07-_Cuencos_Tibetanos

También llamados, cuencos cantores, campanas tibetanas, cuencos japoneses, etc.Partiendo de una aleación de siete metales cada uno de ellos es afinado individualmente en meditación, para despertar sus sonidos milenarios y así alcanzar su propósito de armonizar y elevar la vibración de quien los toca. Tienen una forma y un temple especiales que les permite sonar al ser frotados en su borde con una vaqueta de madera. Producen una gama de sonidos armónicos o sobretonos (un sonido fundamental del cual se desprenden otros más agudos que guardan una relación armónica entre sí) y tienen una sonoridad que perdura por largo tiempo expandiéndose por todo el ambiente, cambiando la vibración de su entorno. Se utilizan en meditación y reequilibrio energético. En su vibración podemos percibir la intención con que fueros creados y el respeto por estos Sonidos Sagrados y los métodos tradicionales de elaboración. Su forma característica facilita la expansión de sus vibraciones, destacándose la calidez de su sonido fundamental combinado con la pureza de sus armónicos medios. Permiten generar una sonoridad intensa y su tamaño determina el tono de su sonido fundamental, siendo en el modelo chico el más agudo.

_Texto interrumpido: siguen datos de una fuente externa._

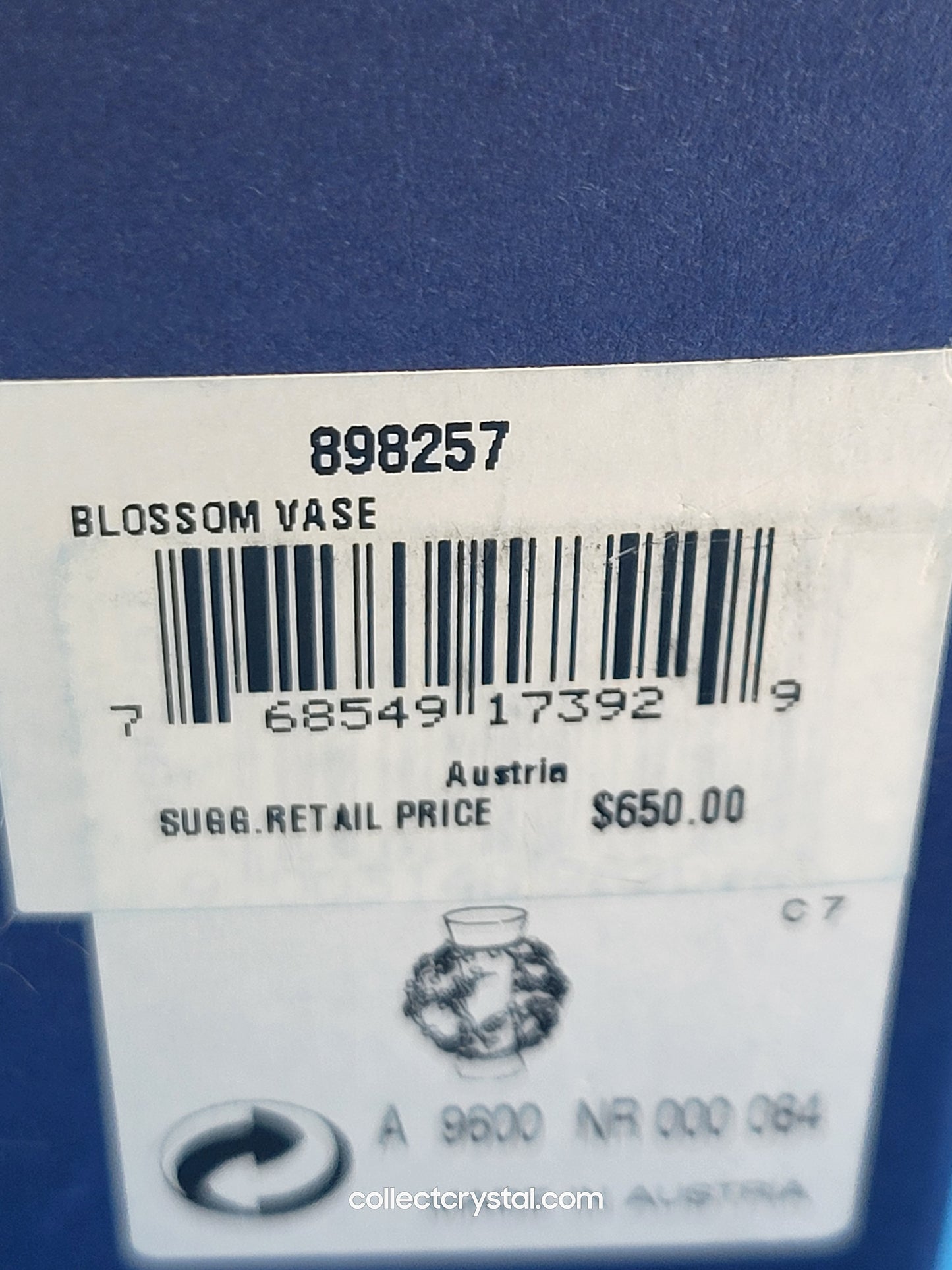 VASE – BLOSSOM 898257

Según el gran maestro bodhisattva tibetano Gwalwa Karmaza, los cuencos cantores del Tíbet emiten el sonido del vacío, que es el sonido del universo manifestándose. Son el símbolo de lo incognoscible y como aleación datan de la época del buddha histórico, Shakyamuni (560-480 a C.). Los orígenes de los cuencos tibetanos y su historia detallada se pierden en el pasado lejano y seguramente es un regalo de la religión chamánica Bon, que existía en el Tíbet varios siglos antes de la llegada del budismo. Tradicionalmente los cuencos tibetanos se utilizaban para la meditación y la sanación en los monasterios de monjes.